A verbatim copy of every record is required, and no pictures should be included.

*** Supplied information Section Begins ***

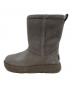 UGG (アグ) クラシックショートウォータープルーフムートンブーツ グレー サイズ:UK3：8000円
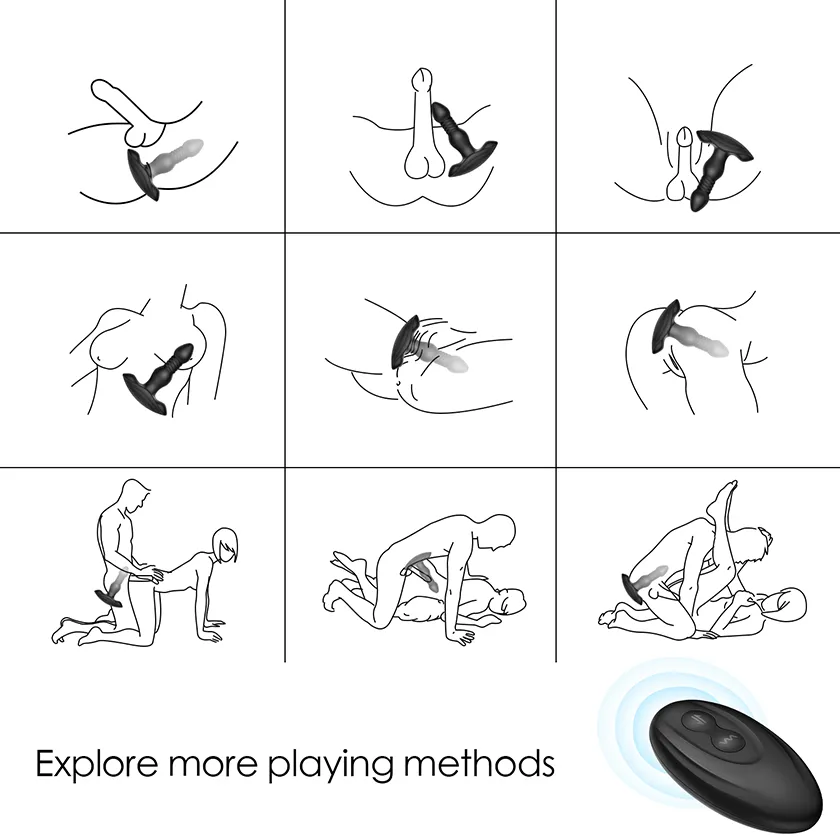 Persurs Remote Control and Thrusting Anal Vibator08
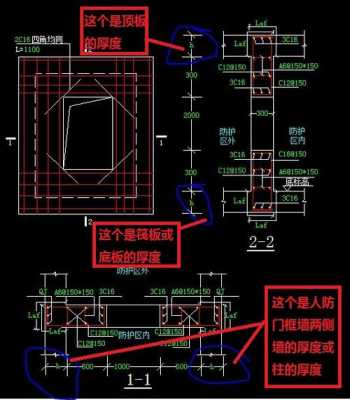 人防门框墙最小厚度（人防门框墙最小厚度要求）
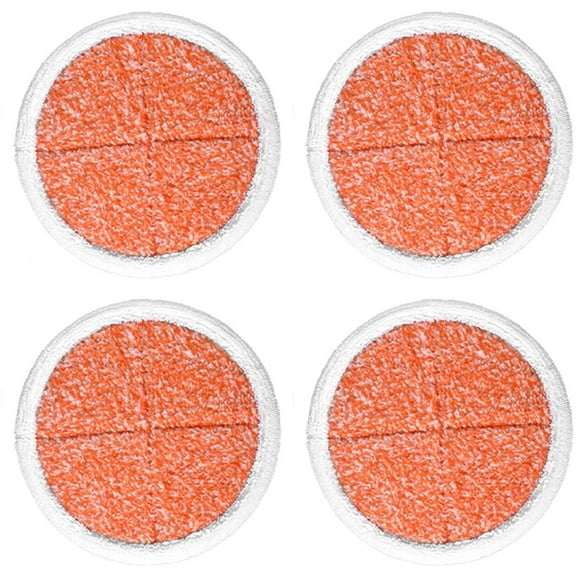 4-Pack Replacement Pads for Bissell Spinwave Crosswave 2039A 2124, Washable & Reusable (Heavy Scrub Pads)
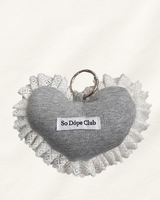 GREY HEART KEYCHAIN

*** Supplied information Section Ends ***

• [Result below]
 UGG (アグ) クラシックショートウォータープルーフムートンブーツ グレー サイズ:UK3：8000円
 Persurs Remote Control and Thrusting Anal Vibator08
 人防门框墙最小厚度（人防门框墙最小厚度要求）
 4-Pack Replacement Pads for Bissell Spinwave Crosswave 2039A 2124, Washable & Reusable (Heavy Scrub Pads)
 GREY HEART KEYCHAIN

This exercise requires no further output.